I think it was on your blog. It could have been on the Tim Ferriss podcast. You wrote about how I think WordPress or Automatic has roughly 2,000 people. And I think you wrote about how you tried a bunch of different ways to hire people. You did all these tests like Google does, like these brain teasers, and you tried a bunch of other stuff. And you said two interesting things that stood out. You said, what I found is that the people who

are the best writers, oftentimes are the best people who we hire, not PhDs, not master degrees. It was a correlation between your ability to write and communicate via the written word. And then the second thing you said that was pretty wild. You used to hire people just by like emailing or texting. Like it was like just through chat, not ever face-to-face, not phone calls, things like that. Do you still hire people strictly online?

through text communication? Yeah, for some roles, we might do a Zoom if it's a sales role or something like that. Obviously, it's important to see how someone interacts. But basically, for a lot of our roles, written communication is going to be the primary thing. But also, if people want to talk to someone, we're not going to be like, no, you can't. Yeah, a lot of our hiring process can be completely asynchronous and completely text-based.

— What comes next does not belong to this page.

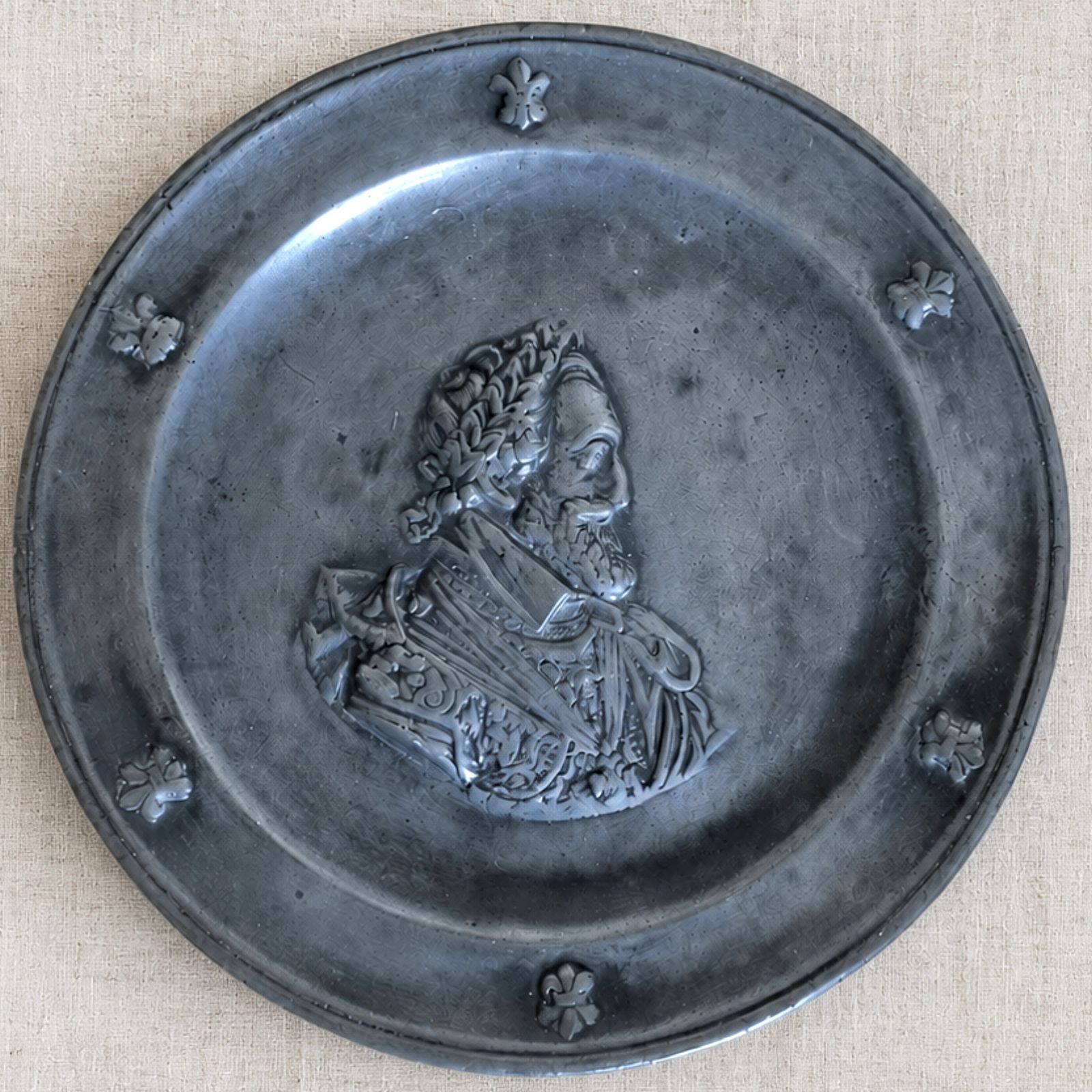 Antiek Frans tinnen sierbord Henry IV door Arthur Chaumette photo furniture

And for the first thousand or so hires, I did a final chat for every single person. Is your chat like slacking or G-chatting or something? Yeah, it ended up being on Slack when Slack was invented. Before that, I think it was on Skype or AIM or something in the early days or IRC. I think the way you said it was we do auditions, not interviews. So what does that mean? How do you do auditions? Well, we do a trial project. So we actually hire people on a standard sort of 25-an-hour contract. And so we pay them.

to do, you know, we have screens with, you know, resumes and a little interview and stuff, but then we say like, let's actually do some work together. And there's various versions of this for different roles. We've done sandbox versions. We've also done it where they were actually talking to real customers, you know, like a support person was actually like answering real tickets. We've always been smaller than a lot of the big tech, but we compete with them. And so we need to have like the same caliber or better of talent.

So part of, I think, Automattic's advantage is we've created an environment and also sort of a way of hiring that finds people who might be overlooked by sort of a meta or Google or something like that. And we give them an opportunity not just to be hired, but also to participate in a company in a way that they can still be just as influential and have as much impact.

Because even like, you know, there's other companies that might have remote workers. But if you're not at headquarters, you're not going to be, you know, close to the sun, you're not going to be next to the CEO, you're not going to be able to grow or have an impact. But we've tried to create it where our center of gravity, our headquarters is really on the internet. And, you know, I have colleagues in 90 countries, 90, even though we're only, you know, 750 people.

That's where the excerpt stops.